**DATA:**
......

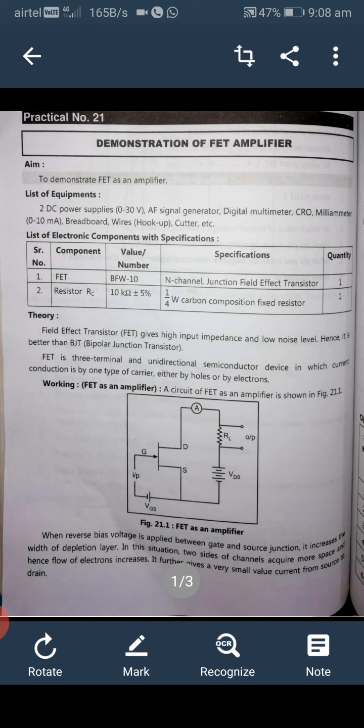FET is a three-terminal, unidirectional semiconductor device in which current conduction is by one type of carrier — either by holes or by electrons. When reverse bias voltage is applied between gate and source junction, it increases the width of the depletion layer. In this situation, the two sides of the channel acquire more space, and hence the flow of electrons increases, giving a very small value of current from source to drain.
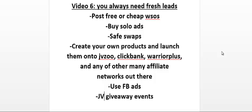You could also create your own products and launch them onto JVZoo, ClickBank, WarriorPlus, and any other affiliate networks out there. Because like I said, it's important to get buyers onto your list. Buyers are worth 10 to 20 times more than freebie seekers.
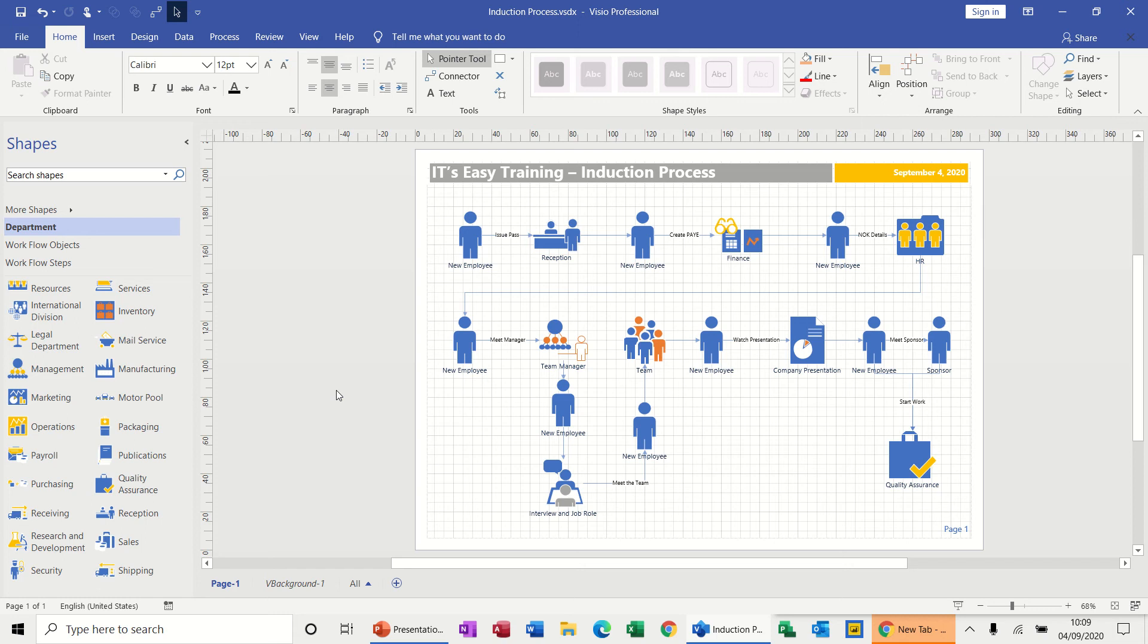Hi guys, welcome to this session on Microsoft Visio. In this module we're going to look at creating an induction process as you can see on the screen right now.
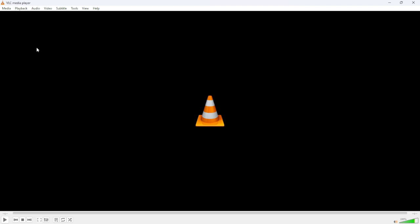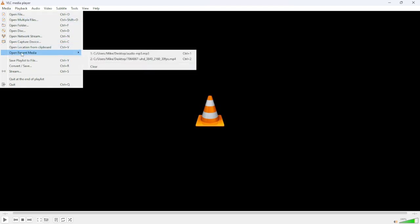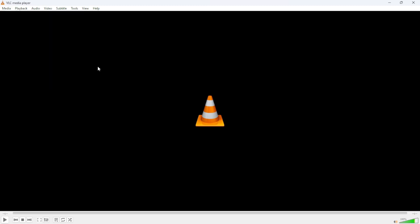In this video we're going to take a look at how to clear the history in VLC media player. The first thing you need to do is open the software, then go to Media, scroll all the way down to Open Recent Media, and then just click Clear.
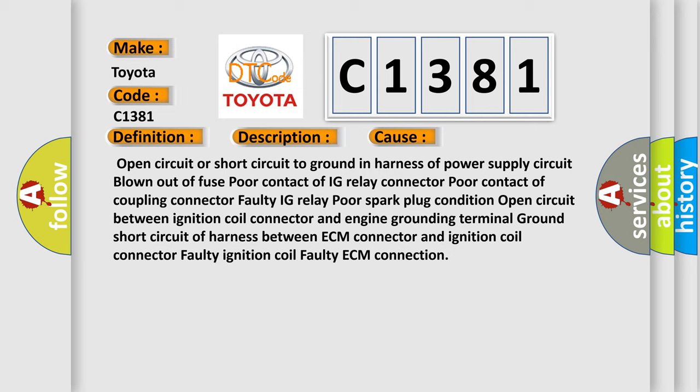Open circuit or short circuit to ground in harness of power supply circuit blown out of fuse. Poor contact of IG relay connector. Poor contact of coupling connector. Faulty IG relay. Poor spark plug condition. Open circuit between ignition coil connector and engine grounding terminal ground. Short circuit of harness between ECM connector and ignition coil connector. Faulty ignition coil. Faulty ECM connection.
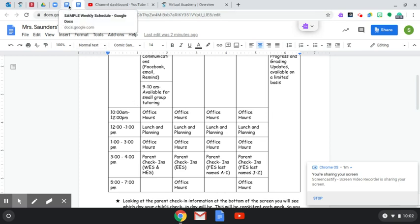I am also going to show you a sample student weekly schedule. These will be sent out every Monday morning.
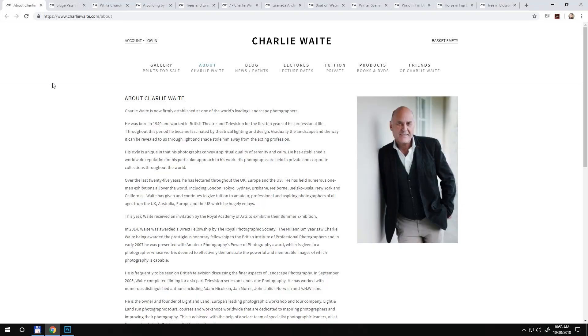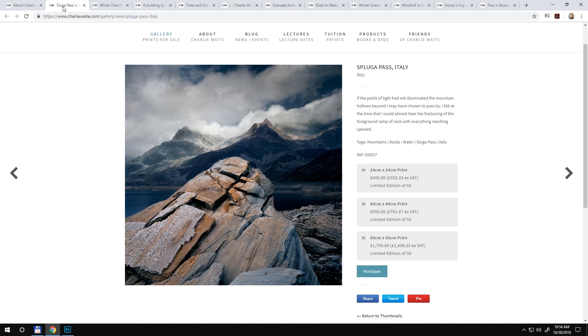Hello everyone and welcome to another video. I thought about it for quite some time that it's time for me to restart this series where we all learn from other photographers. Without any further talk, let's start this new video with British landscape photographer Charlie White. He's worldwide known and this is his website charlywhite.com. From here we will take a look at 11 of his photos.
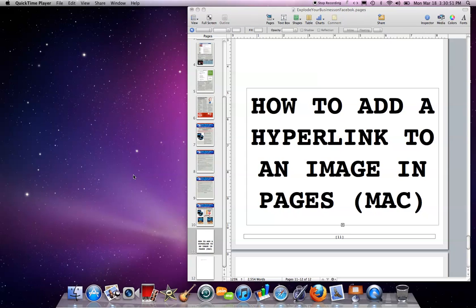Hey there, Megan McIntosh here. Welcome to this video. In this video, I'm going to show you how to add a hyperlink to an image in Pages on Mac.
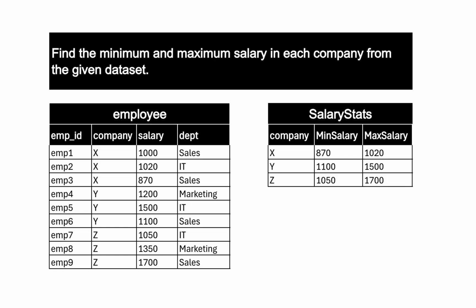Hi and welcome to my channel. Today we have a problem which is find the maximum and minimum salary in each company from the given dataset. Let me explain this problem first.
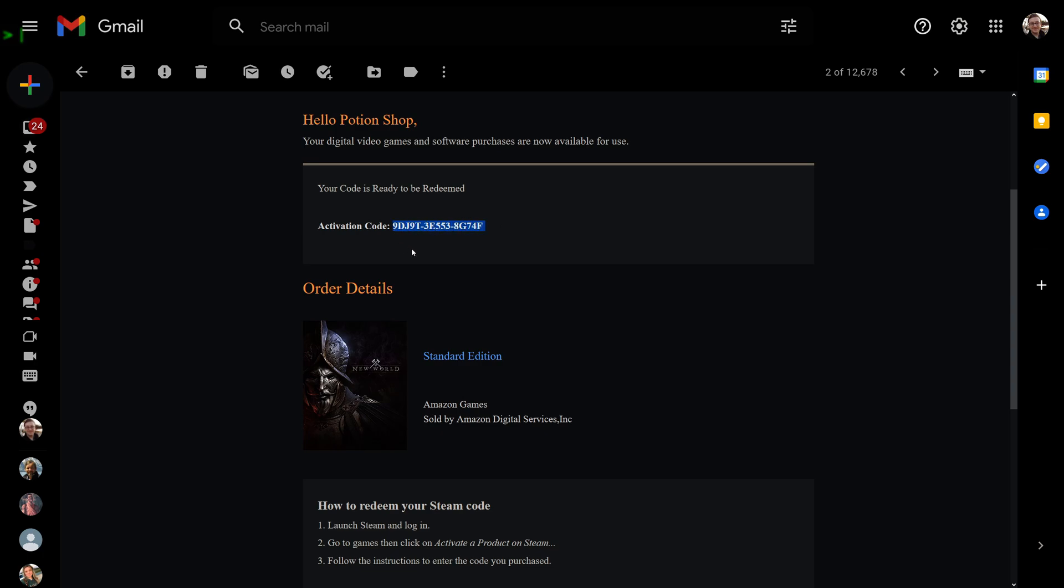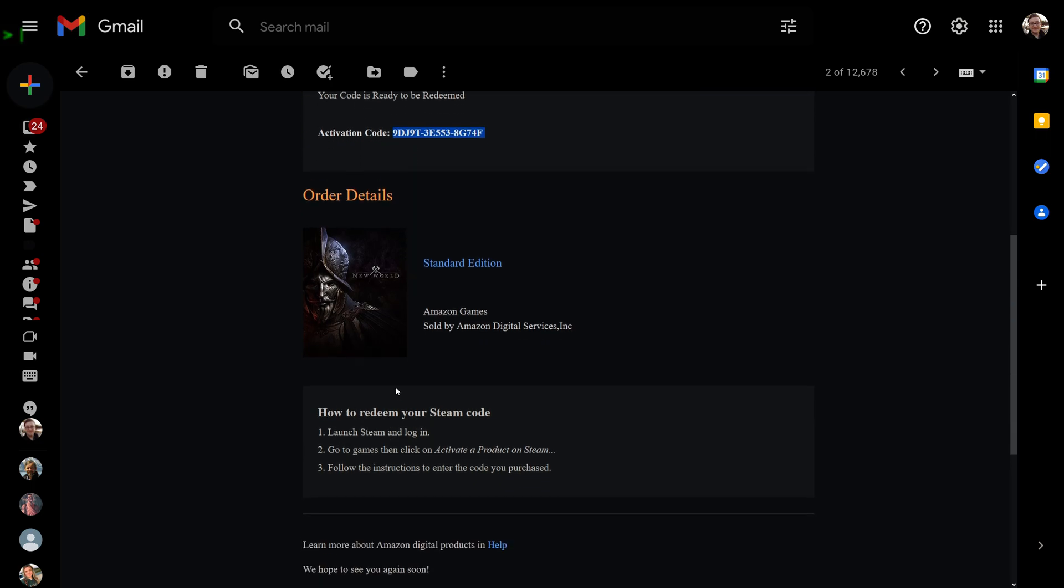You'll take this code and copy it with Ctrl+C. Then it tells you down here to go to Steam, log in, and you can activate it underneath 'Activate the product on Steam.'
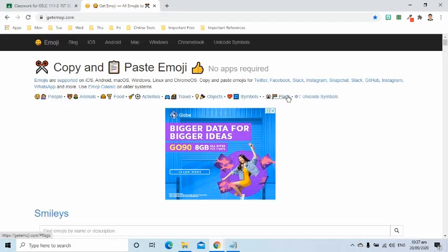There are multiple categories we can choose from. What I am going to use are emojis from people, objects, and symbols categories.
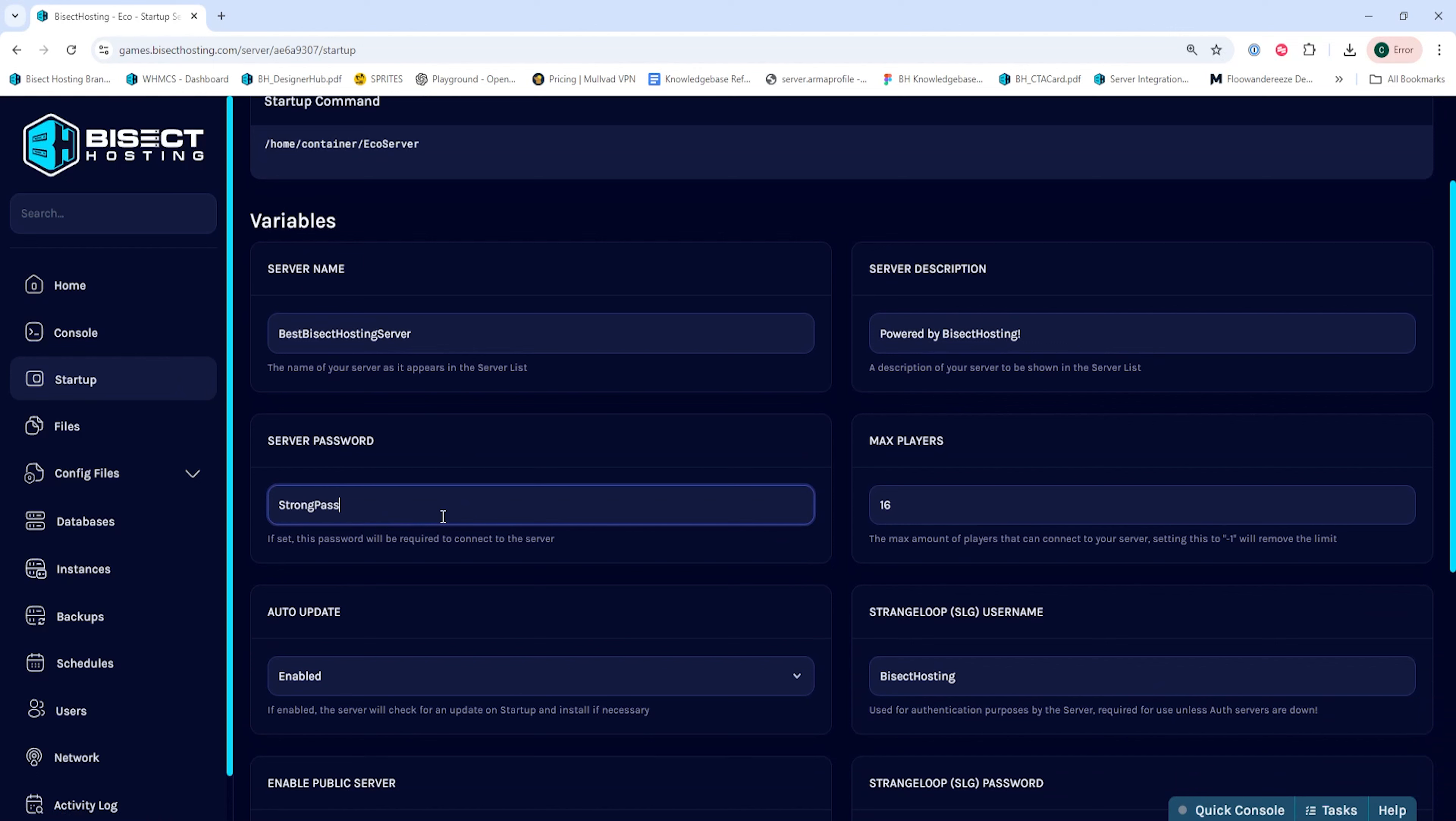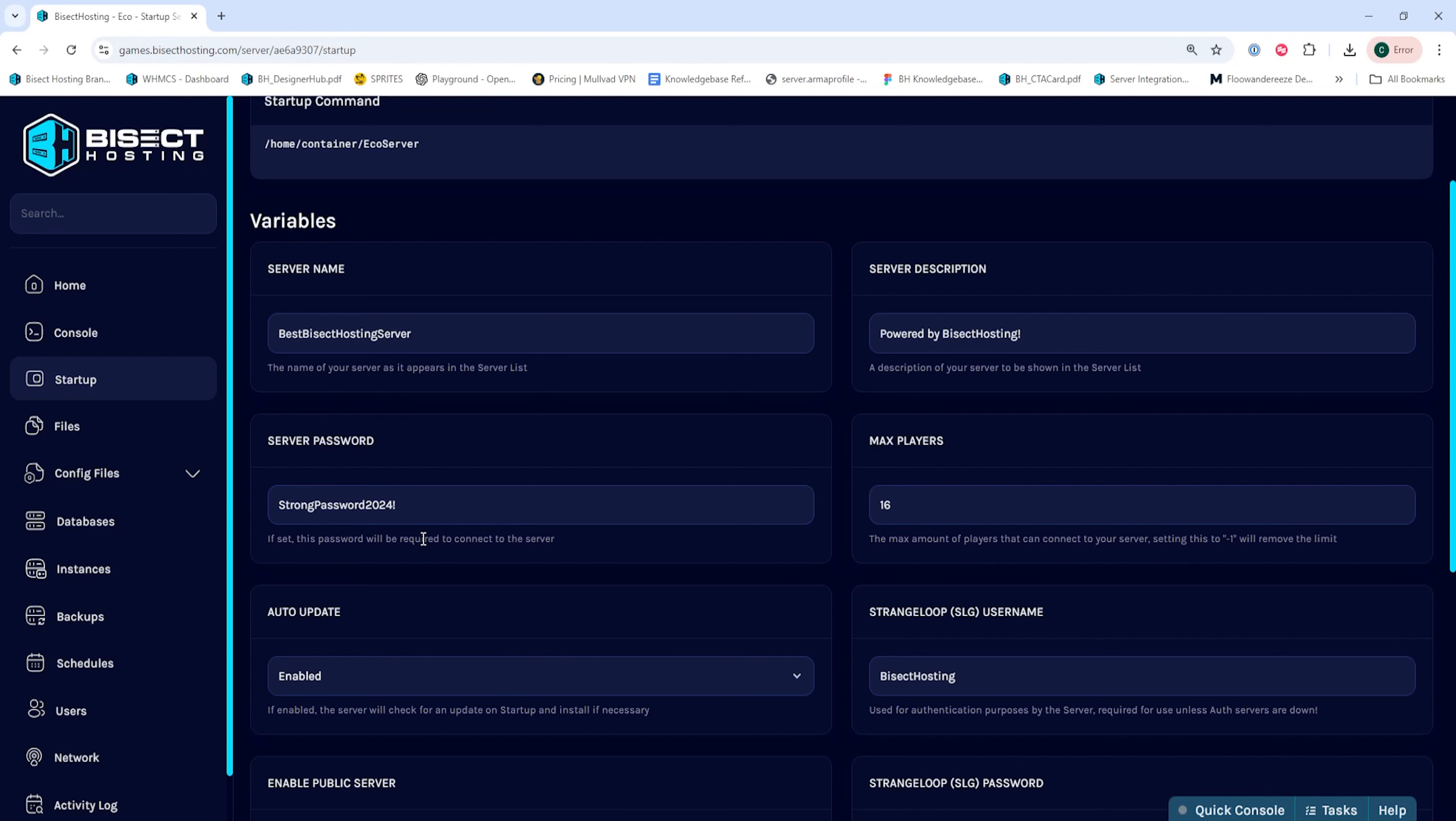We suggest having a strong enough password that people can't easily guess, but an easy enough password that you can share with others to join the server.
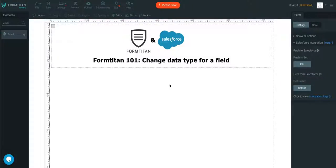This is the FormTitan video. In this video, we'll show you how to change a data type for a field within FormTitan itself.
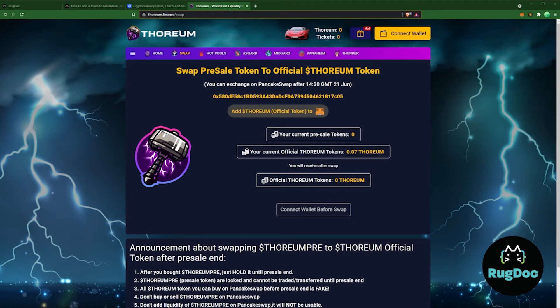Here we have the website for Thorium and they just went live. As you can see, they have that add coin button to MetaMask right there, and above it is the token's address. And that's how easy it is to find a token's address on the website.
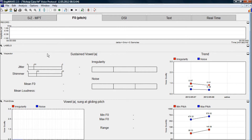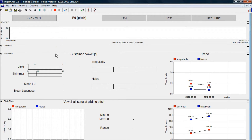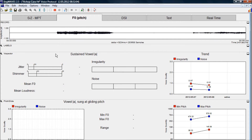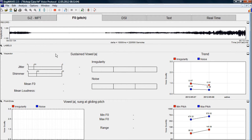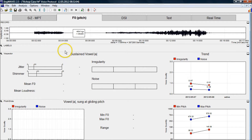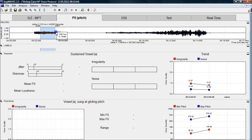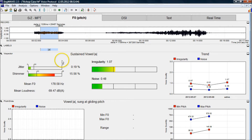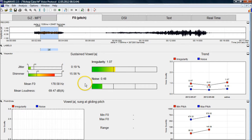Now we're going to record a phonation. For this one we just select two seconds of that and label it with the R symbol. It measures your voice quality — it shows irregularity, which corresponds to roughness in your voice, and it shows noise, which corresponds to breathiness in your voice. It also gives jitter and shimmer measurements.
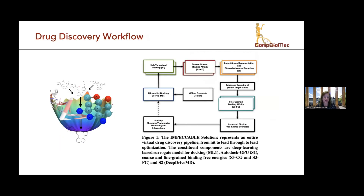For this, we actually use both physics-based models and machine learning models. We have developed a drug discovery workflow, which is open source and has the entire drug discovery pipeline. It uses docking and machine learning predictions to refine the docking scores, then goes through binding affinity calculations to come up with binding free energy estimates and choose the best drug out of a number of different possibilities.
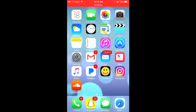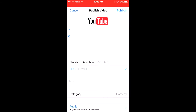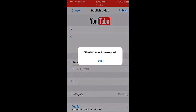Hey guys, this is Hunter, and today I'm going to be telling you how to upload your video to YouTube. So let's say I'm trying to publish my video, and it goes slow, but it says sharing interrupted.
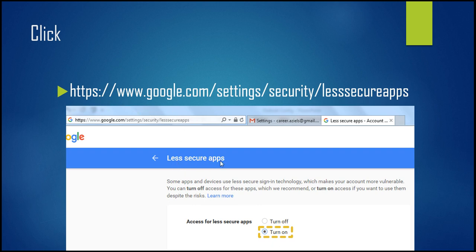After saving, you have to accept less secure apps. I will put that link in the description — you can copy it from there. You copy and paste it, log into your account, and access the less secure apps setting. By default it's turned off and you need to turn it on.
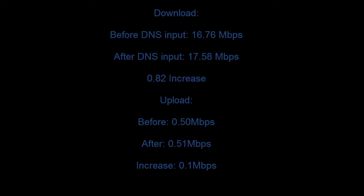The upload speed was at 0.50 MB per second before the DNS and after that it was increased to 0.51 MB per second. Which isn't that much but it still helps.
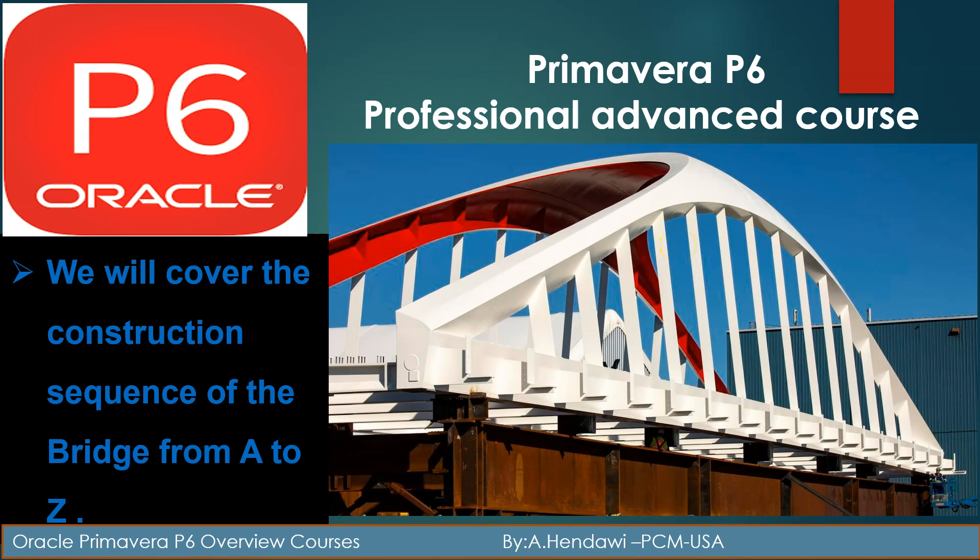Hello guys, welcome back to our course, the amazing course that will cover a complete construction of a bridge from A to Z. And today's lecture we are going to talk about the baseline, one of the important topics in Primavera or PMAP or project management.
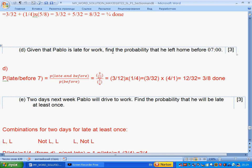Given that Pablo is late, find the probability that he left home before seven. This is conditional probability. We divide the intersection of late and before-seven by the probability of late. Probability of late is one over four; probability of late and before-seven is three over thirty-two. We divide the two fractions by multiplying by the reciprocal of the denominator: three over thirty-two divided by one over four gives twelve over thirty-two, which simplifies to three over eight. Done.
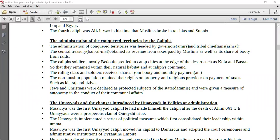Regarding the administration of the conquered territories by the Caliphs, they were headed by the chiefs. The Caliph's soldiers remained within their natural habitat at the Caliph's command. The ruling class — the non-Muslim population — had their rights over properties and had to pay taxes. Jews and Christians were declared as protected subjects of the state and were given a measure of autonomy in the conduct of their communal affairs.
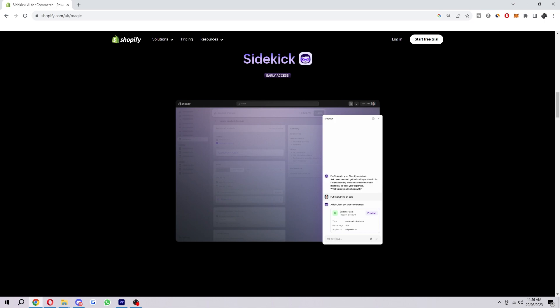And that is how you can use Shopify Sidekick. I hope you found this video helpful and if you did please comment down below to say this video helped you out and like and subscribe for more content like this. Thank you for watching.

......

**ASSIGNMENT:** Beginning with the line above that contains "There are multiple" and ending with the line that contains "This is the", quote each line exactly, keeping out the pictures.

**OUTPUT OF THE EXERCISE:**
There are multiple categories we can choose from. What I am going to use are emojis from people, objects, and symbols categories.
We suggest having a strong enough password that people can't easily guess, but an easy enough password that you can share with others to join the server.
This is the FormTitan video. In this video, we'll show you how to change a data type for a field within FormTitan itself.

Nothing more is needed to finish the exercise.